### [Task directions]
List the lines of this listing that hold the word "pour".

### [Extracted records]
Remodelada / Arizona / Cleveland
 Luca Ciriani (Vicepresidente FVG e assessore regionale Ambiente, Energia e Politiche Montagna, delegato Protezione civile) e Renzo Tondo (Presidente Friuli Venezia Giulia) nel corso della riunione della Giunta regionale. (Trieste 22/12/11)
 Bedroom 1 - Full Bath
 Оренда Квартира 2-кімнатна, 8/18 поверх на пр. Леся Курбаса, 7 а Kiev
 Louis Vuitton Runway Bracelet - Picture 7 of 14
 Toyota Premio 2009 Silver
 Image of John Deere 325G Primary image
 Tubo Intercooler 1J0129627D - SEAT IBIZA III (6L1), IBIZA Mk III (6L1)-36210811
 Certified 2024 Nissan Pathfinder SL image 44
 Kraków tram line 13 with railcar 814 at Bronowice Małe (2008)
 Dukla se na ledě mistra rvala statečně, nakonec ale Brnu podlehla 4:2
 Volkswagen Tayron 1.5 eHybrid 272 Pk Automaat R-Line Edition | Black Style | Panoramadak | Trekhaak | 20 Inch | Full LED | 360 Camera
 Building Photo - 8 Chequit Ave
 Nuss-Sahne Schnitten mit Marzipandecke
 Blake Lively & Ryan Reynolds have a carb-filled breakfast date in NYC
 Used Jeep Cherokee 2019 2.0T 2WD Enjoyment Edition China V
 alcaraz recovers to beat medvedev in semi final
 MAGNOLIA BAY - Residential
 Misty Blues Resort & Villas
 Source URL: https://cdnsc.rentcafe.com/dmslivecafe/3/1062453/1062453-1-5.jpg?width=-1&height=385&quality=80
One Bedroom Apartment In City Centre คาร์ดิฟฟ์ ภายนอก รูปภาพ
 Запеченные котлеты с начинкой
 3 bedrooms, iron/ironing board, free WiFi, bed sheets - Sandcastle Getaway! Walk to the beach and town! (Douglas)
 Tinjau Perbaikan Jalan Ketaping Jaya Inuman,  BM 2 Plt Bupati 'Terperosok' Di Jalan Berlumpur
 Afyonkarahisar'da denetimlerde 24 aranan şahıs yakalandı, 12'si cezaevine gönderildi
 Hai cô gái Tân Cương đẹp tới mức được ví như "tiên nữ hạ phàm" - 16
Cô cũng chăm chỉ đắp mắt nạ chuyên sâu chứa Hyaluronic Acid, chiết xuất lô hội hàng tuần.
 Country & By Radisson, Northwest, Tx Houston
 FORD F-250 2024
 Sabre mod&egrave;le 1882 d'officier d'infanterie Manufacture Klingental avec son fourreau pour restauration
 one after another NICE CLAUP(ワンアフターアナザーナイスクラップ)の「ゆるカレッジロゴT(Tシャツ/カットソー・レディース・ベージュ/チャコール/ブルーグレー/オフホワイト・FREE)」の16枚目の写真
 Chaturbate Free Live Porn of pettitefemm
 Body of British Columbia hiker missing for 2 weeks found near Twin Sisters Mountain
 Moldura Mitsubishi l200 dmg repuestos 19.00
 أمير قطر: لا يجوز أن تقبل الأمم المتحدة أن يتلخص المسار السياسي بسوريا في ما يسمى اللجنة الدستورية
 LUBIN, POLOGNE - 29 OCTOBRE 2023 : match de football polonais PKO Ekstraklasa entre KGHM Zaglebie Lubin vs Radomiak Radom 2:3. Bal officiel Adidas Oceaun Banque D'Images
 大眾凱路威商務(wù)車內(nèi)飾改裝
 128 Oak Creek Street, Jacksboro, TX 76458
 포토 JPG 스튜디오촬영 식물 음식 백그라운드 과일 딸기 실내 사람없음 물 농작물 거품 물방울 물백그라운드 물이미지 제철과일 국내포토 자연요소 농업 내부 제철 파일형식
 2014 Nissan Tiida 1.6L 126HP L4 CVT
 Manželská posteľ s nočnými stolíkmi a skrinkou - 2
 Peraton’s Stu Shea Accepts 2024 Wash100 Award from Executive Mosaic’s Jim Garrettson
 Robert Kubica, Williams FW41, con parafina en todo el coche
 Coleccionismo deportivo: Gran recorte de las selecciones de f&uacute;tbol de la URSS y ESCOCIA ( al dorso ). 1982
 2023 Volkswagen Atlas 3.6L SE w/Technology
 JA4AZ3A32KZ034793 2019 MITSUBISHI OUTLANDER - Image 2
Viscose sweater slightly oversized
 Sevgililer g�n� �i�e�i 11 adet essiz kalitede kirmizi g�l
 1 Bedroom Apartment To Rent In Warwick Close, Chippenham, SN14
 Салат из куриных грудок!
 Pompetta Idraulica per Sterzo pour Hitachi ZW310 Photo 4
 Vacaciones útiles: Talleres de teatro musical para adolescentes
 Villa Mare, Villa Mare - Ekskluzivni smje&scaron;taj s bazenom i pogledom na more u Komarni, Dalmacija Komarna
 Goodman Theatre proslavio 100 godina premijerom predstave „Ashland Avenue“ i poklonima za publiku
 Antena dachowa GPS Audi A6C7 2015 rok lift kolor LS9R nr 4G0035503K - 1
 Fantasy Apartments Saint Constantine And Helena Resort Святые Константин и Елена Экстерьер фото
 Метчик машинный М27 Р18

### [Solution for this task]
 Sabre mod&egrave;le 1882 d'officier d'infanterie Manufacture Klingental avec son fourreau pour restauration
 Pompetta Idraulica per Sterzo pour Hitachi ZW310 Photo 4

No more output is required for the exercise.